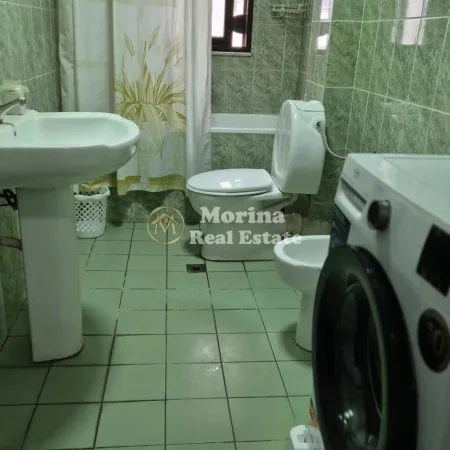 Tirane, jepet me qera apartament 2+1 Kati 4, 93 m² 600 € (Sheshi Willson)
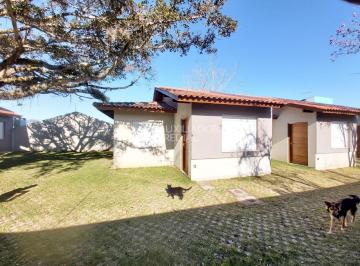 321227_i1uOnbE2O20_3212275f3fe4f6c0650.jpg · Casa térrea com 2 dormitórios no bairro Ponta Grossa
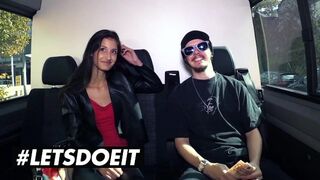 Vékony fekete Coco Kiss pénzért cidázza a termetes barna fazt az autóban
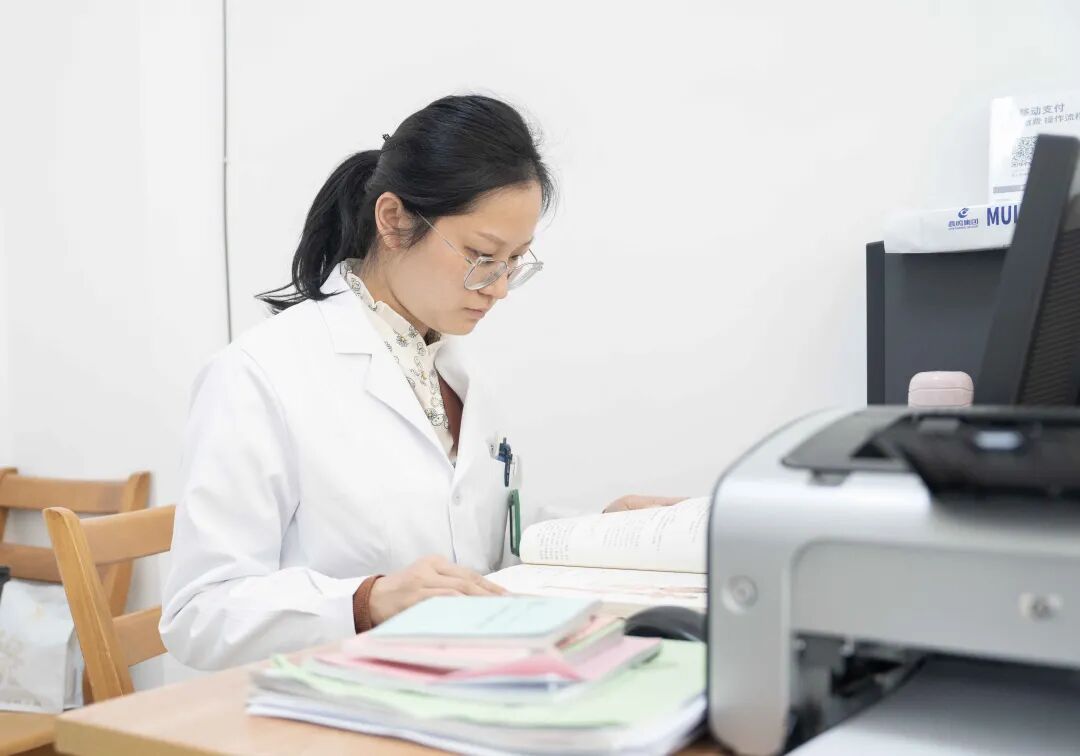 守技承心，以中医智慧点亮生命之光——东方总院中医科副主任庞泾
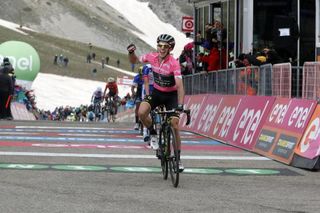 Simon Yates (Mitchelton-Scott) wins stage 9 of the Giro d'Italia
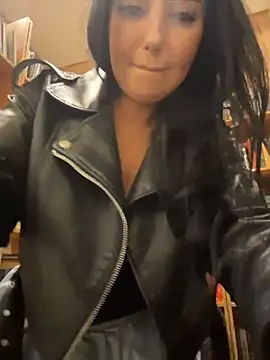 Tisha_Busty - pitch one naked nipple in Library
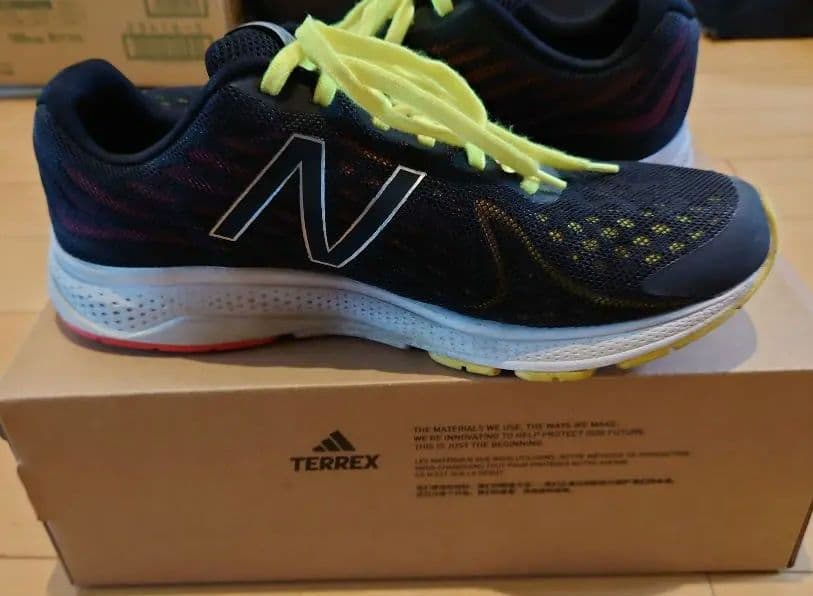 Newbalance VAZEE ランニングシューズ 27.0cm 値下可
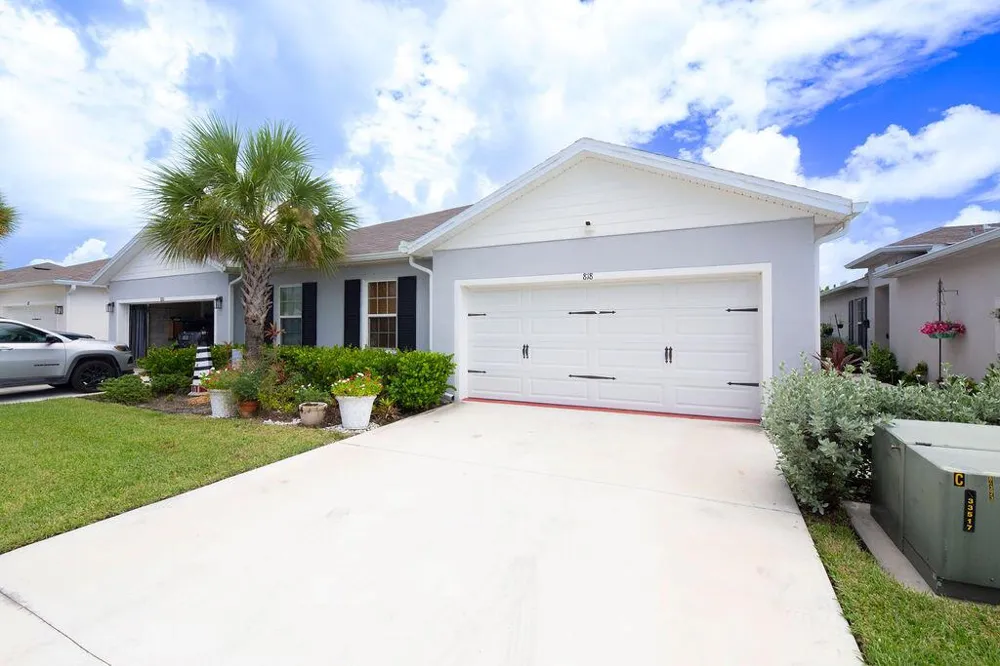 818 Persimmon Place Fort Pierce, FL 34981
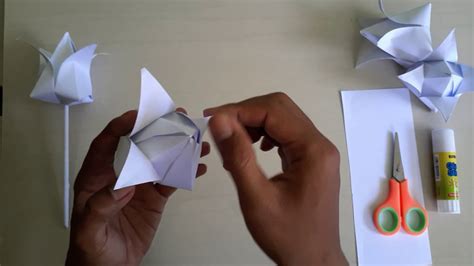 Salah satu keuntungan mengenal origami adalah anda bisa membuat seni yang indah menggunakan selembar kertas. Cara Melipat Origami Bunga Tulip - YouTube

------------

- PROBLEM STATEMENT -
This task calls for restating, word for word, each line from the line holding "Tisha_Busty - pitch" through the end of the material, pictures left out.

- YOUR SOLUTION -
 Tisha_Busty - pitch one naked nipple in Library
 Newbalance VAZEE ランニングシューズ 27.0cm 値下可
 818 Persimmon Place Fort Pierce, FL 34981
 Salah satu keuntungan mengenal origami adalah anda bisa membuat seni yang indah menggunakan selembar kertas. Cara Melipat Origami Bunga Tulip - YouTube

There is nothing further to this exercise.